An exact restatement of every record is required.
*** Opening Input for this task ***
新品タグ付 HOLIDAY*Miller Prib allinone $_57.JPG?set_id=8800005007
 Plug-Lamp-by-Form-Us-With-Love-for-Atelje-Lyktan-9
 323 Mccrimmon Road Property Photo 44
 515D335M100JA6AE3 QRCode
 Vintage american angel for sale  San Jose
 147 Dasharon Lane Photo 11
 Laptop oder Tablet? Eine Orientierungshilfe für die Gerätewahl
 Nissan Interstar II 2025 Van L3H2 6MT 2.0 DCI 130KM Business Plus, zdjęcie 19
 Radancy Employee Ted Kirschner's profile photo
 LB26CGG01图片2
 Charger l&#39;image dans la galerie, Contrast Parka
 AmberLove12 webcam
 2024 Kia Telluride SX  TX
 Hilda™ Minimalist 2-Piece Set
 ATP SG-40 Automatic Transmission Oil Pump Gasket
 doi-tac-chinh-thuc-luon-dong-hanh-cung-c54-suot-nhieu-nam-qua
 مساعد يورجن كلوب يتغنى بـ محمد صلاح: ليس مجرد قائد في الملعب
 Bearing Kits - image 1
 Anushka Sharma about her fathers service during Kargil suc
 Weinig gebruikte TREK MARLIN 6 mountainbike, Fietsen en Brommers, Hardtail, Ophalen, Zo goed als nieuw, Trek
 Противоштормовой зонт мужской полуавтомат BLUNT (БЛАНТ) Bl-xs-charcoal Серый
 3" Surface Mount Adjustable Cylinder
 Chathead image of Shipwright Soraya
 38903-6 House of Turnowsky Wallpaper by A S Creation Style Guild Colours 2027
*** Closing Input for this task ***
_Worked solution_:
新品タグ付 HOLIDAY*Miller Prib allinone $_57.JPG?set_id=8800005007
 Plug-Lamp-by-Form-Us-With-Love-for-Atelje-Lyktan-9
 323 Mccrimmon Road Property Photo 44
 515D335M100JA6AE3 QRCode
 Vintage american angel for sale  San Jose
 147 Dasharon Lane Photo 11
 Laptop oder Tablet? Eine Orientierungshilfe für die Gerätewahl
 Nissan Interstar II 2025 Van L3H2 6MT 2.0 DCI 130KM Business Plus, zdjęcie 19
 Radancy Employee Ted Kirschner's profile photo
 LB26CGG01图片2
 Charger l&#39;image dans la galerie, Contrast Parka
 AmberLove12 webcam
 2024 Kia Telluride SX  TX
 Hilda™ Minimalist 2-Piece Set
 ATP SG-40 Automatic Transmission Oil Pump Gasket
 doi-tac-chinh-thuc-luon-dong-hanh-cung-c54-suot-nhieu-nam-qua
 مساعد يورجن كلوب يتغنى بـ محمد صلاح: ليس مجرد قائد في الملعب
 Bearing Kits - image 1
 Anushka Sharma about her fathers service during Kargil suc
 Weinig gebruikte TREK MARLIN 6 mountainbike, Fietsen en Brommers, Hardtail, Ophalen, Zo goed als nieuw, Trek
 Противоштормовой зонт мужской полуавтомат BLUNT (БЛАНТ) Bl-xs-charcoal Серый
 3" Surface Mount Adjustable Cylinder
 Chathead image of Shipwright Soraya
 38903-6 House of Turnowsky Wallpaper by A S Creation Style Guild Colours 2027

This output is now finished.